TryHackMe: Brooklyn Nine Nine is a beginner-level boot2root style challenge. The goal of the challenge is to find and read the contents of the user.txt and root.txt files located on the machine. Brooklyn Nine Nine shows the importance of information gathering and how to use it to gain access to a system. It also highlights the importance of avoiding weak passwords. As noted by the challenge’s author, there are two main intended ways to complete this room. This write-up goes through one of the solutions.
Information Gathering
After booting the machine up, I use Nmap to scan every port at the IP address.
Looking at these results, we see that the ftp port is open and allows anonymous ftp login. Highlighted above, the user anonymous has read write privileges to the file note_to_jake.txt.
Exploitation
Using the command ftp 10.10.207.118
and putting anonymous as our username, any password is valid and can log me in. After logging in, we can see that there is a note_to_jake.txt file waiting for us. The command get note_to_jake.txt
will then download the file to our client.
Amy is letting us know that Jake has a weak password. We can then use a tool called Hydra to brute force Jake’s ssh password.
By setting the username and using the rockyou.txt password list we can launch a dictionary attack against the server’s ssh protocol. The results show that Jake’s password is 987654321.
We can ssh to the server by using Jake’s credentials.
Post Exploitation
By knowing which directory we are in on the system, we can start having a look around. By changing to Holt’s directory we can locate and read the user.txt document which hold’s the user flag of this challenge.

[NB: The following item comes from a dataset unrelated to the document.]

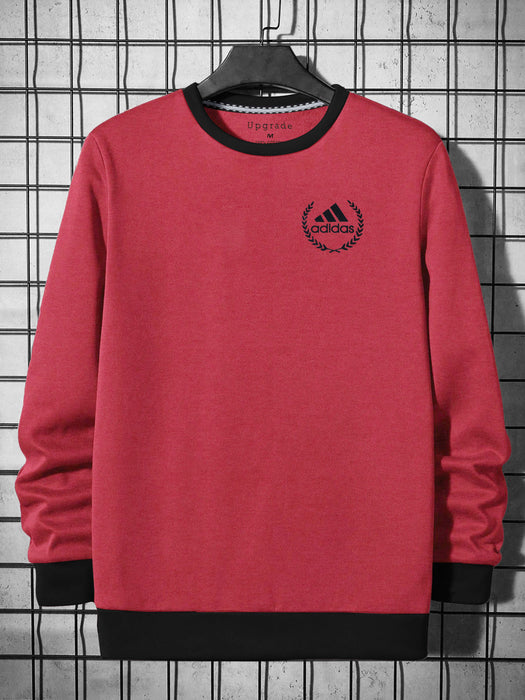 Adidas Fleece Funky Style Sweatshirt For Men-Coral Pink with Black-BR14443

Now it is time to use privilege leverage escalation techniques to become root on the system. The sudo -l
command lists the allowed (and forbidden) commands for the invoking user.
As we can see, the user Jake can invoke sudo commands by using the less
command. Going to gtfobins we can find a section that tells us how we can use this command to become root.
And there you have it. We now have root access over this machine and can change the root directory to read the root.txt flag.
Conclusion
Overall, this was a pretty straightforward challenge. I would recommend it to new hackers as their first challenge on TryHackMe. Doing this challenge has taught me about network mapping, brute force, and Linux privilege escalation.